Weylan Harding

Profile
- Position: Defensive back

Personal information
- Born: January 5, 1972 (age 54) Houston, Texas, U.S.
- Listed height: 5 ft 10 in (1.78 m)
- Listed weight: 180 lb (82 kg)

Career information
- High school: Klein (Spring, Texas)
- College: Iowa State

Career history

Playing
- Iowa Barnstormers (1995–1996); Nashville Kats (1997); Portland Forest Dragons (1999); Buffalo Destroyers (2000);

Coaching
- New York Dragons (2005–2008) Head coach;
- Stats at ArenaFan.com

= Weylan Harding =

American football player and coach (born 1972)

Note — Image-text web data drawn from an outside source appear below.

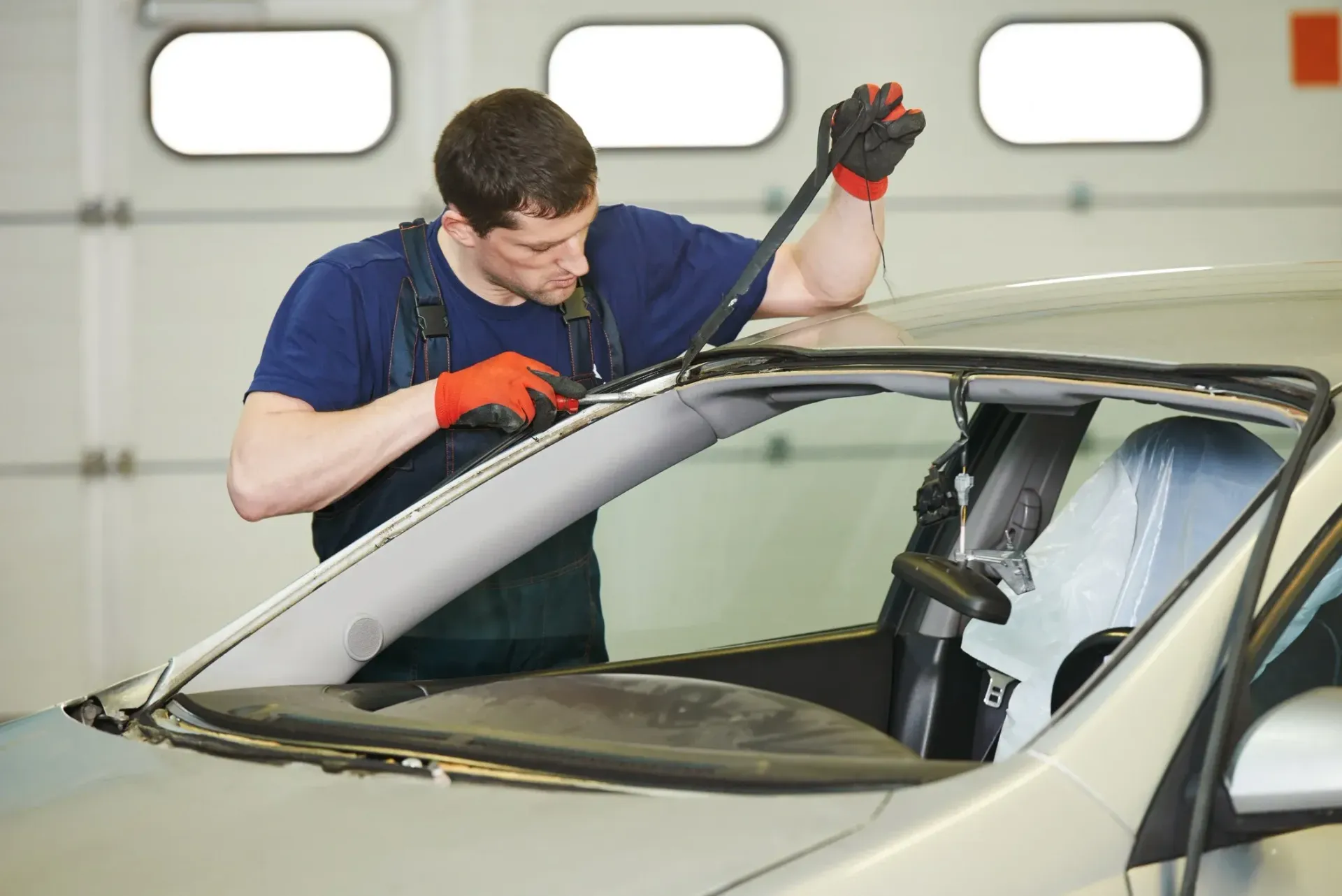 Mechanic in blue shirt and gloves replacing a windshield.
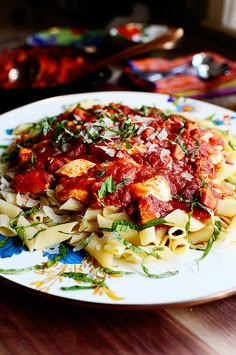 a white plate topped with pasta covered in sauce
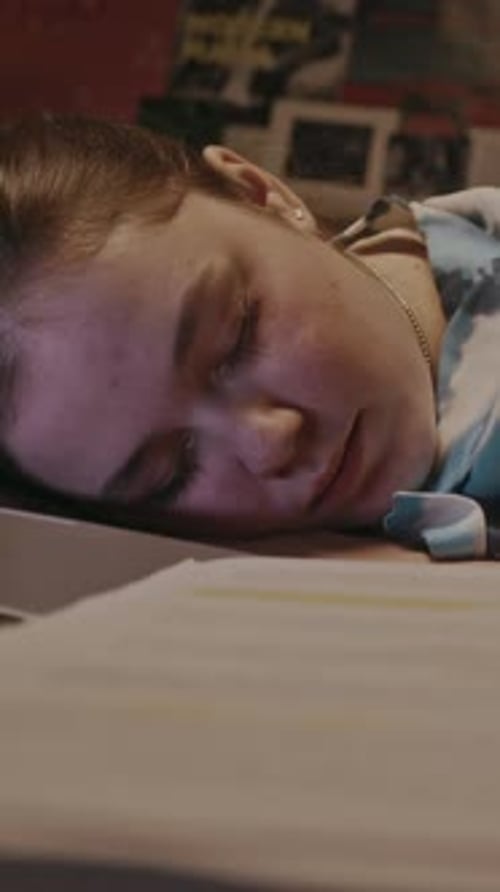 Young Woman Sleeping on Desk with Homework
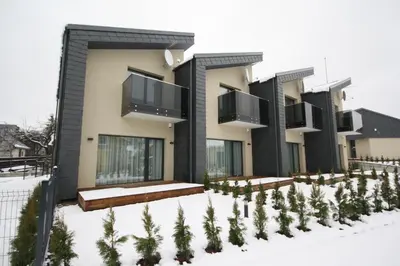 a building in the snow with trees in front of it at Nikolas Apartamentai - Birstono 7 in Druskininkai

Weylan Harding (born January 5, 1972) is an American former professional football coach and player. He was the head coach of the New York Dragons of the Arena Football League.

==Early life==
Harding attended Klein High School in Spring, Texas and was a student and a letterman in football. In football, he was an All-Conference selection and an All-Greater Houston selection. He attended Iowa State University, where he played defense on the school's football team. He majored in English.

==Playing career==
In his playing career, he was a defensive specialist for the Iowa Barnstormers (now the Dragons), the former Nashville Kats (now the Georgia Force), the now-defunct Portland Forest Dragons, and the Buffalo Destroyers (now the Columbus Destroyers). He retired as a player in 2000.

==Coaching career==
At the start of the 2005 season, Harding's first year leading the Dragons, he was 33 years old, making him the second youngest head coach in the history of the league. He had previously worked in the Buffalo Destroyers organization starting in 2000. After the Destroyers moved to Columbus, Ohio he became the team's defensive coordinator in 2002 and returned in 2004.